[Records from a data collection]
■ ■ ■ ■

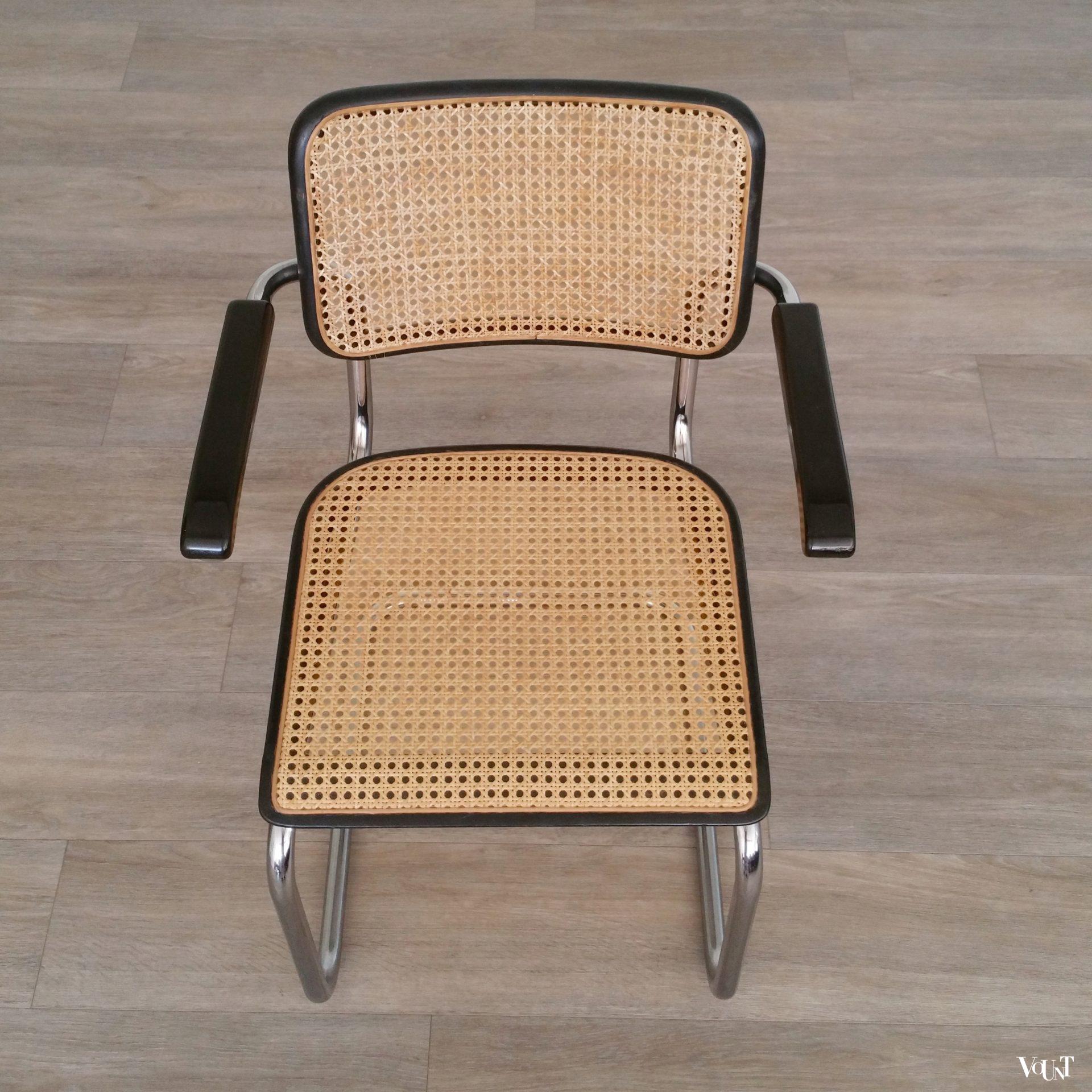 Jaren '80 originele S64 stoel, Marcel Breuer voor Thonet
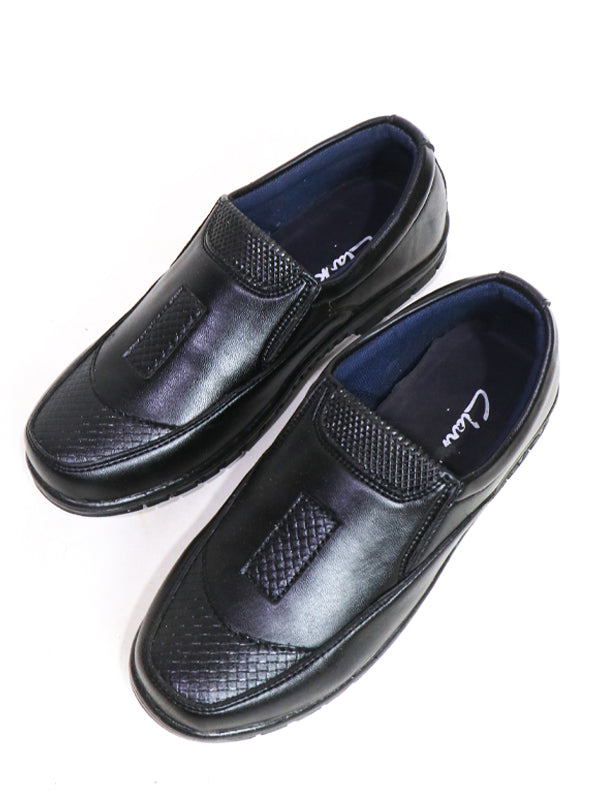 Black Formal Shoes For Men's LS MS57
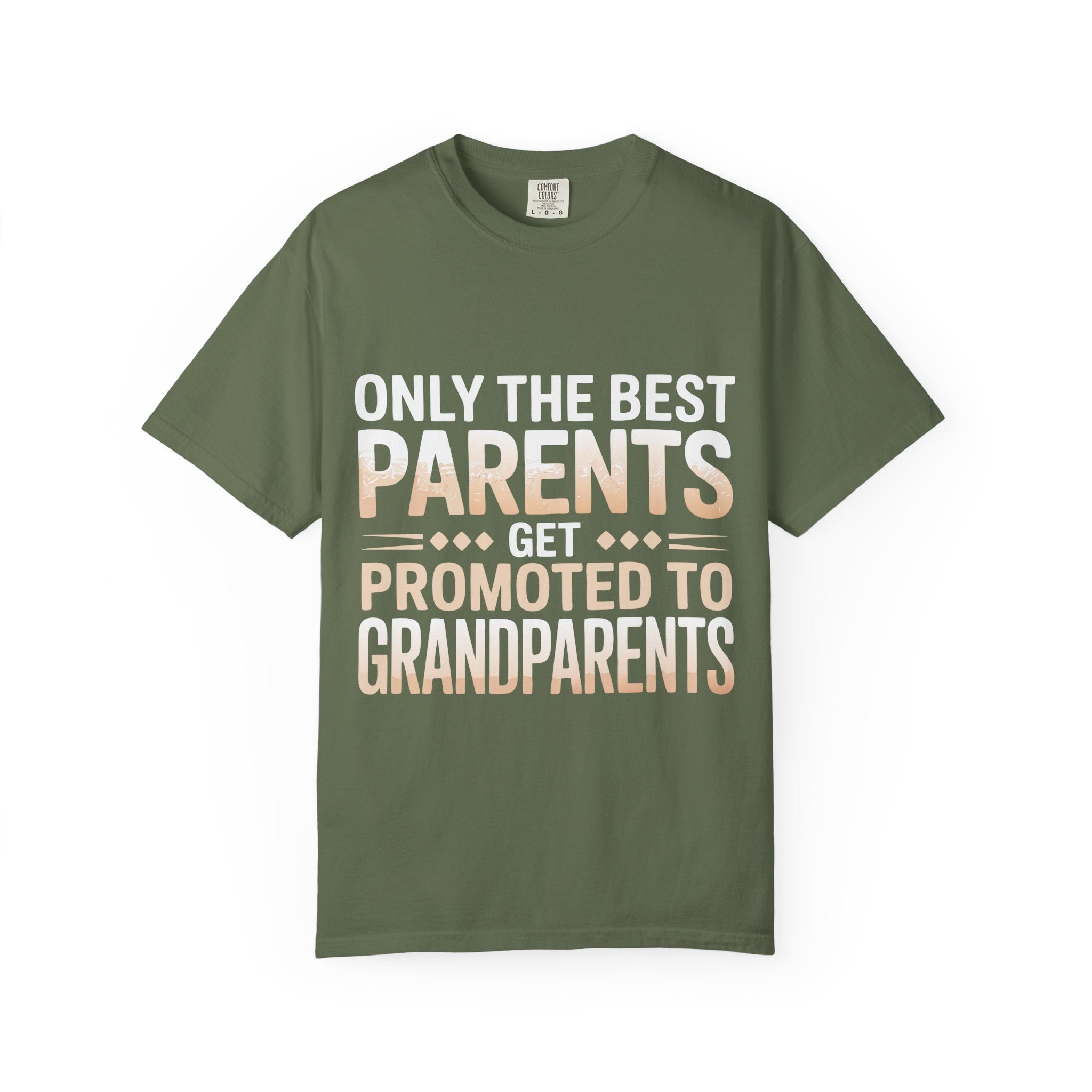 Only the Best Parents Get Promoted to Grandparents T-Shirt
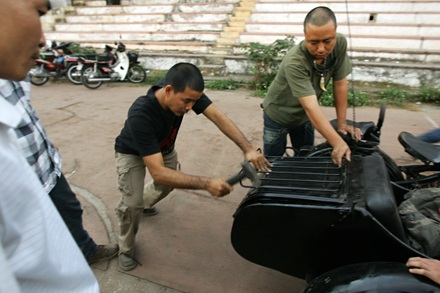 “Sidecar phải thế!” - 14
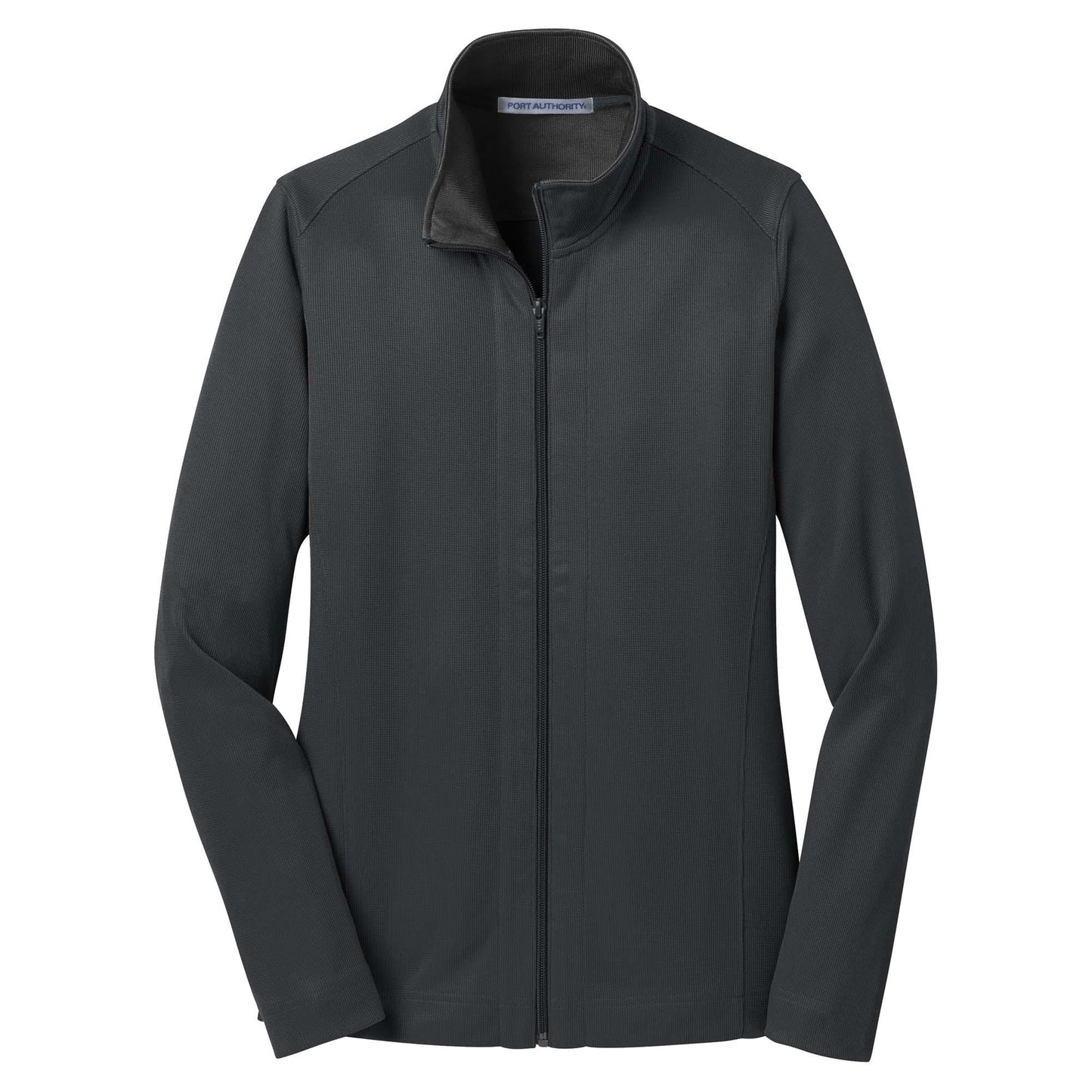 Black/Iron Grey Jacket - Port Authority - Cozy Design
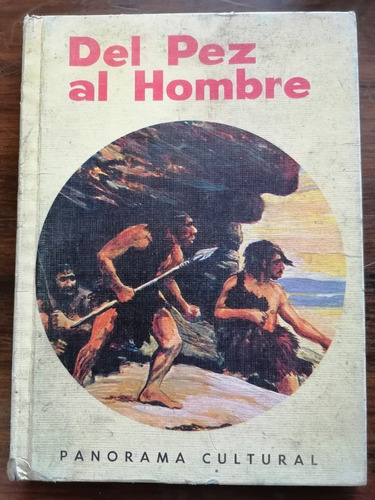 Del Pez Al Hombre Ilustrado - Antiguo Año 1962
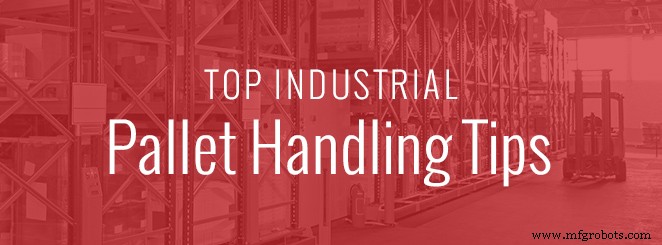 Essentiële Tips voor Industriële Palletverwerking voor Efficiënte Magazijnoperaties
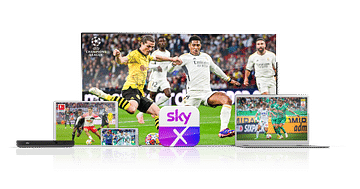 Sky X Sport & Live TV statt 35,99€ mit Studentenrabatt nur 25,00€ mtl. - monatlich kündbar*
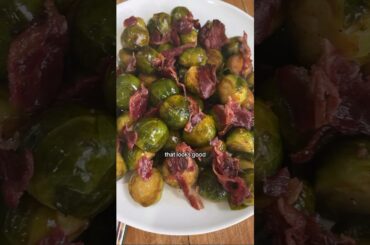 All foods fit in a healthy lifestyle! #bacon #recipe #healthyfood #healthyrecipes #shorts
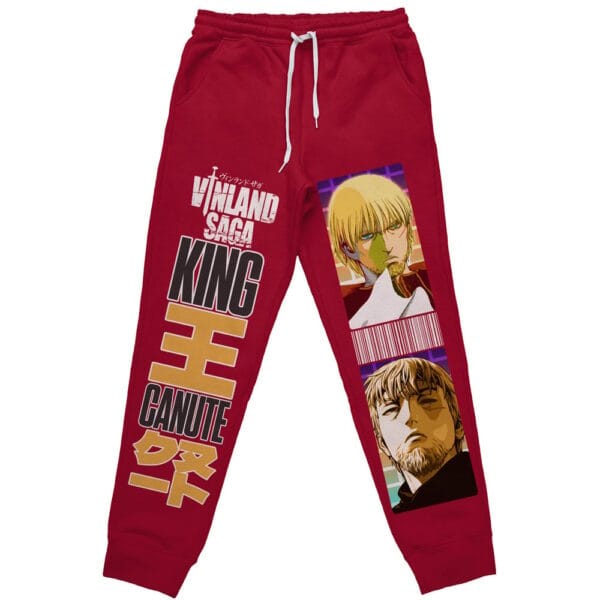 Canute Vinland Saga Streetwear Sweatpants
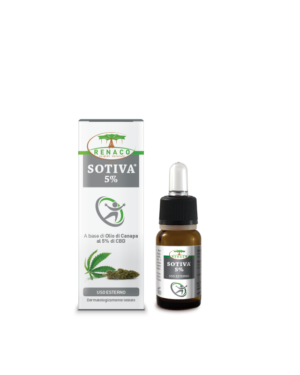 Sotiva OIL 5% CBD gocce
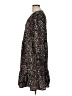 Sandra Darren Animal Print Brown Casual Dress Size L - photo 5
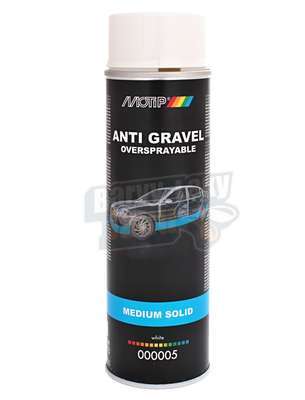 Ochrana prahů auta ve spreji Bílý 500ml Motip
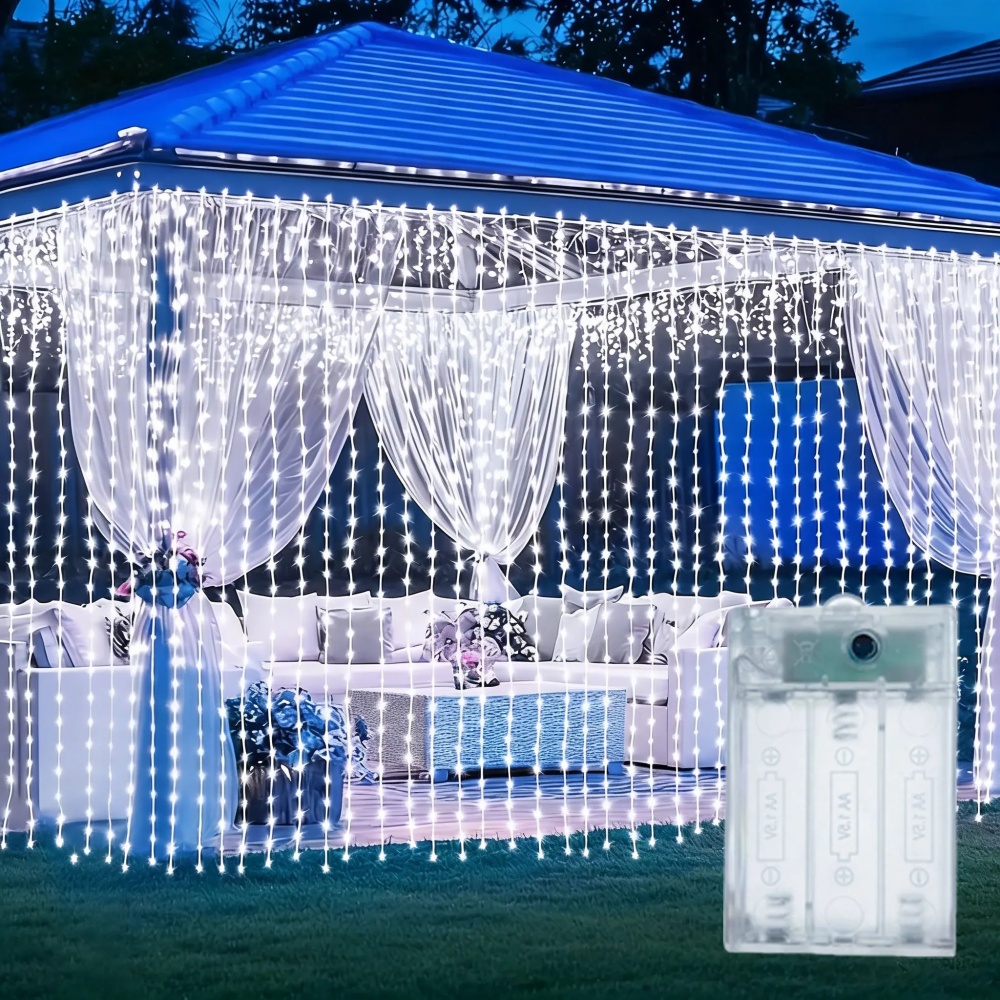 Kerstverlichting LED-gordijn L - Fairy Light Curtain recensie en prijs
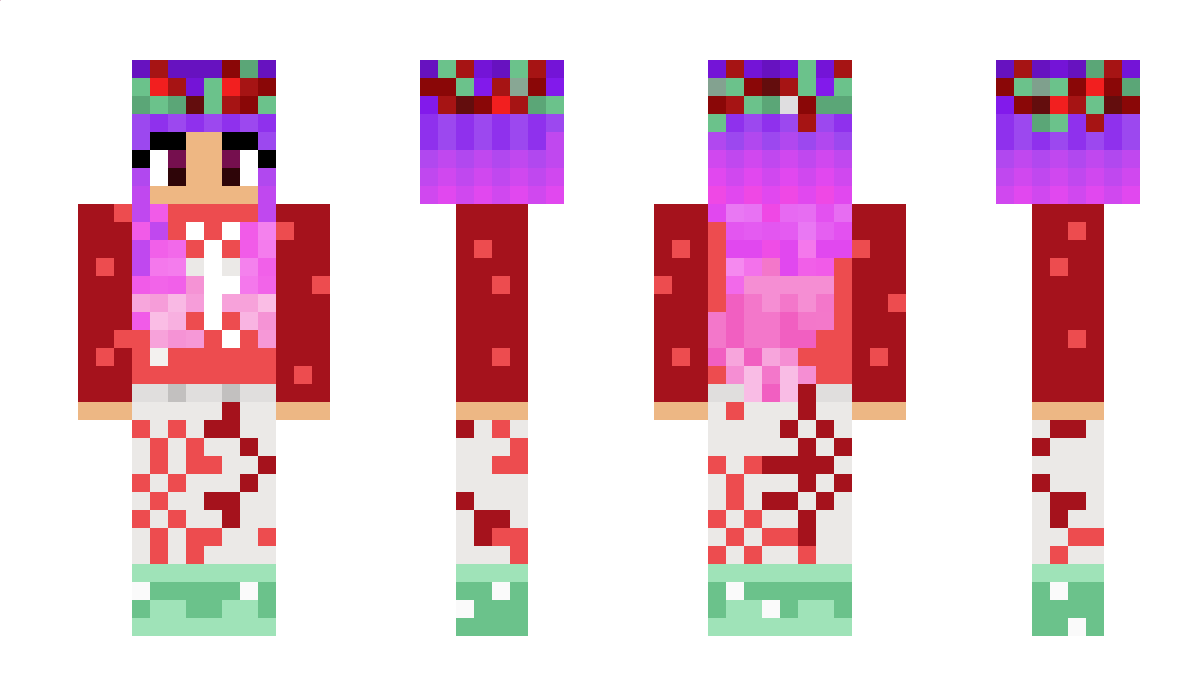 BlossomTheDruid Minecraft Skin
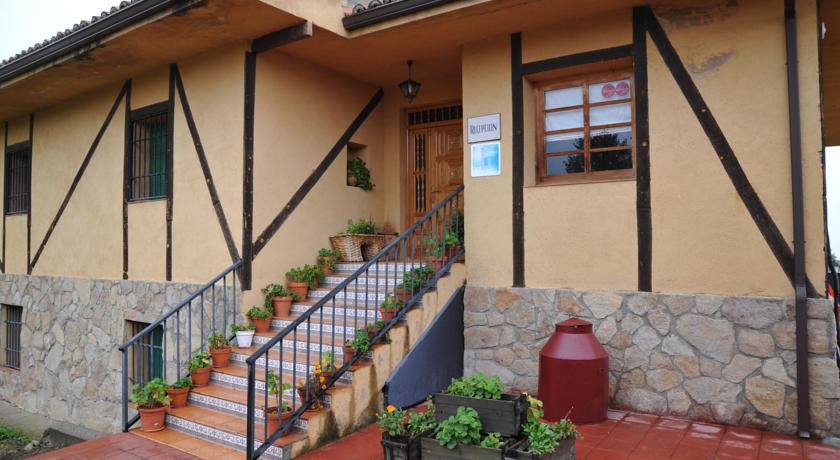 Hotel Rural Hosteria Fontivieja Losar De La Vera Ruang foto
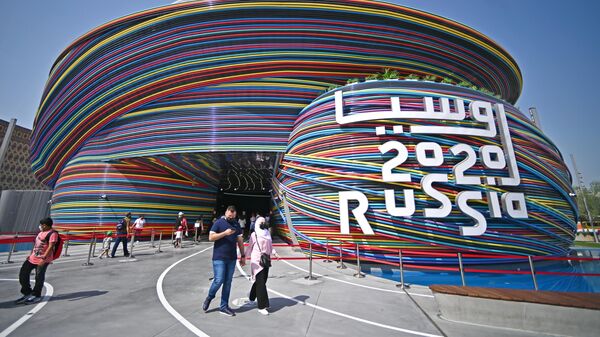 Павильон России на Всемирной выставке Экспо-2020 в Дубае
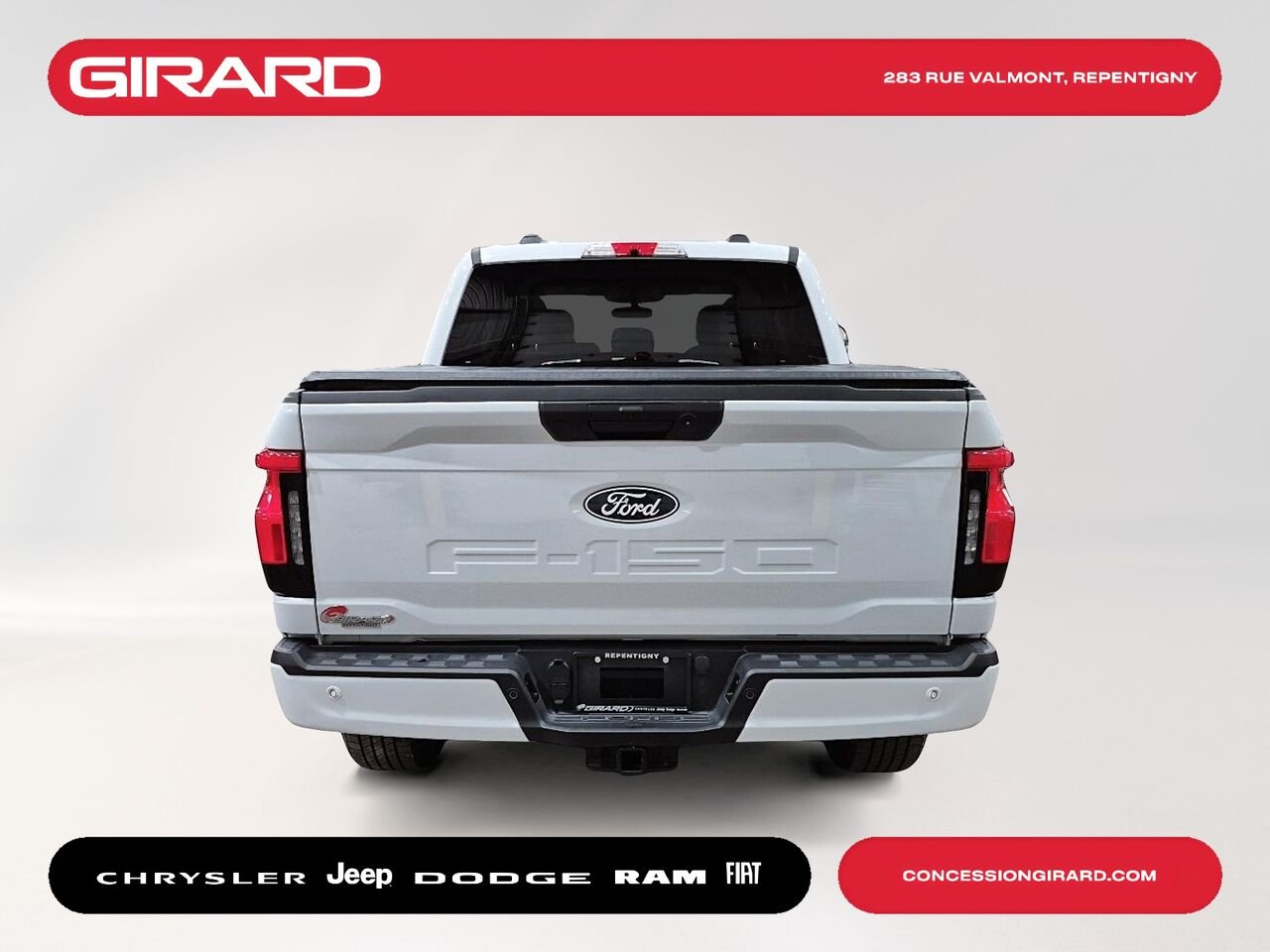 Ford F-150 LIGHTNING 2025 Blanc Repentigny - photo #6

■ ■ ■ ■

- [Brief] In the answer, repeat exactly the lines from the top of the entries above through the line with "Black/Iron Grey Jacket", and leave pictures out of it.

- [Exercise solution]
 Jaren '80 originele S64 stoel, Marcel Breuer voor Thonet
 Black Formal Shoes For Men's LS MS57
 Only the Best Parents Get Promoted to Grandparents T-Shirt
 “Sidecar phải thế!” - 14
 Black/Iron Grey Jacket - Port Authority - Cozy Design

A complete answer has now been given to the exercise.